Tem-se aí mais uma prova manifesta da ação tangível do corpo fluídico materializado. Um ponto a assinalar é a grande duração do fenômeno, de hora e meia.

Aparição falante

Desta vez, independentemente de outras circunstâncias típicas, temos o próprio duplo fluídico a falar:

Srta. Paget, 130, Fulham Road, S. W. Londres. (95)

17 de julho de 1885.

Dou aqui a narração fiel de uma aparição curiosa, que tive, de um irmão. Estávamos em 1874 ou 1875. Meu irmão era terceiro oficial de um grande navio da Sociedade Wigram. Eu o sabia nas costas da Austrália; mas, que me lembre, não pensava nele no momento a que me refiro. Entretanto, como era o único irmão que eu tinha e fôssemos muito amigos um do outro, havia entre nós laços muito estreitos. Meu pai residia no campo. Uma noite, desci g cozinha, por volta das dez horas, em busca de água quente. Havia ali acesa uma grande lâmpada dúplex, de sorte que viva era a claridade. Achando-se já recolhidos os criados, coube-me a mim apagar a lâmpada. Enquanto apanhava a água quente, levantei os olhos e com grande surpresa vi meu irmão entrar na cozinha pela porta que abria para o exterior e encaminhar-se para o meu lado. Não reparei se a porta estava aberta, porque ficava num recanto e meu irmão já se encontrava no meio da cozinha. Separava-nos a mesa existente nessa dependência da casa e ele se sentou à cabeceira mais afastada de mim.

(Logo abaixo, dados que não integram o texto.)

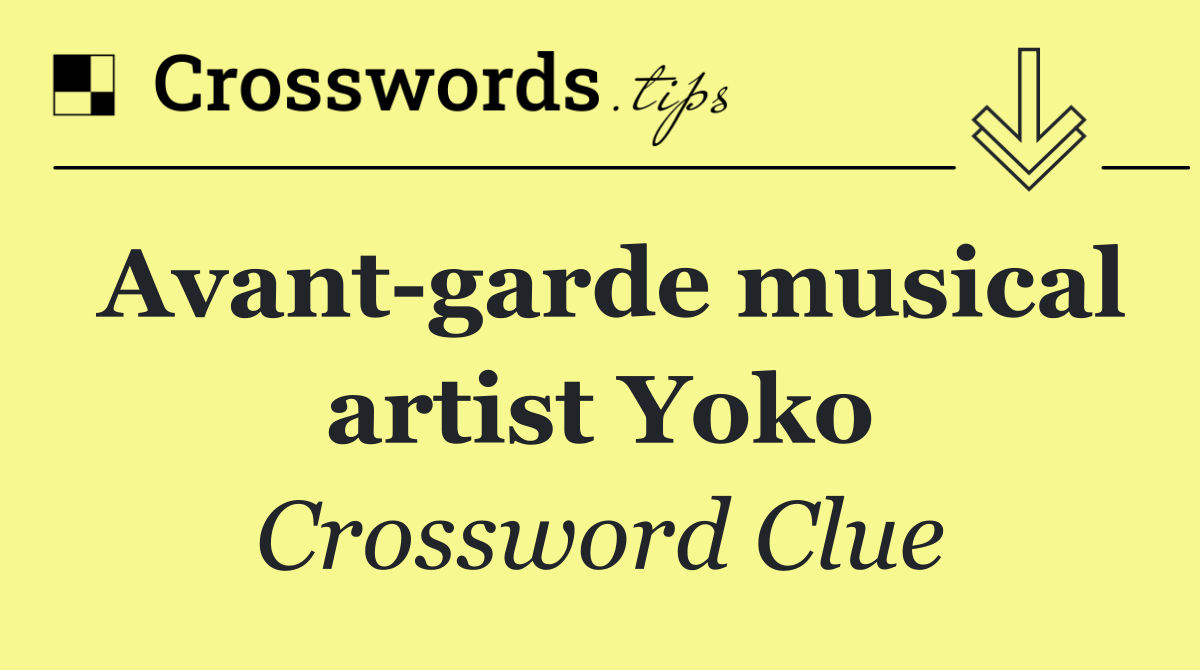 Avant garde musical artist Yoko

Notei que vestia o seu uniforme de marinheiro com uma blusa e que tanto esta como o boné estavam molhados. Exclamei: Miles! donde vens? Ele respondeu com o seu habitual tom de voz: Pelo amor de Deus, não digas que estou aqui. Isto se passou em breves segundos e, quando me lancei para abraçá-lo, desapareceu. Fiquei assustada, pois acreditava ter visto meu irmão em pessoa e só após o seu desaparecimento compreendi que apenas vira a sua sombra. Subi para o meu quarto e tomei nota da data numa folha de papel, que guardei na minha secretária, sem falar do incidente a pessoa alguma.

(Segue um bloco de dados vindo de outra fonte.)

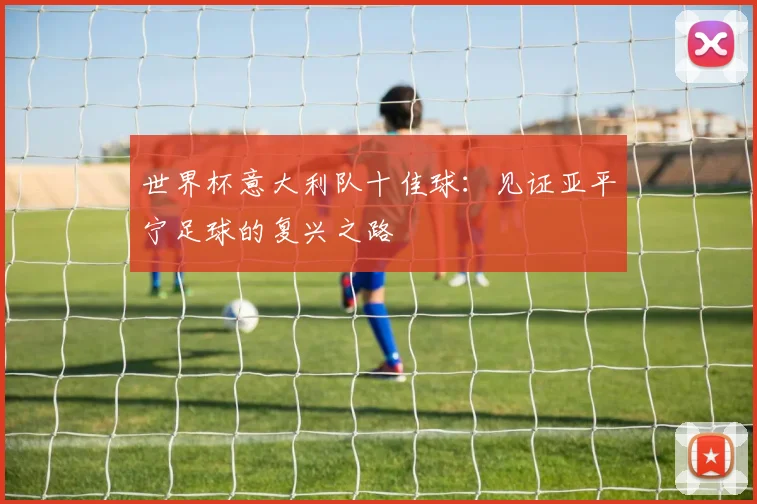 世界杯意大利队十佳球:见证亚平宁足球的复兴之路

Cerca de três meses depois, meu irmão regressou a casa e, à noite, sentei-me ao seu lado na cozinha, estando ele ali a fumar. Perguntei-lhe, como por acaso, se não tivera alguma aventura. Disse em resposta: Quase me afoguei em Melbourne. E me contou que, tendo desembarcado sem licença, subia para bordo depois de meia-noite, quando escorregou do passadiço e caiu entre o cais e o navio. Sendo muito estreito o espaço, se não o houvessem retirado sem demora, infalivelmente se teria afogado.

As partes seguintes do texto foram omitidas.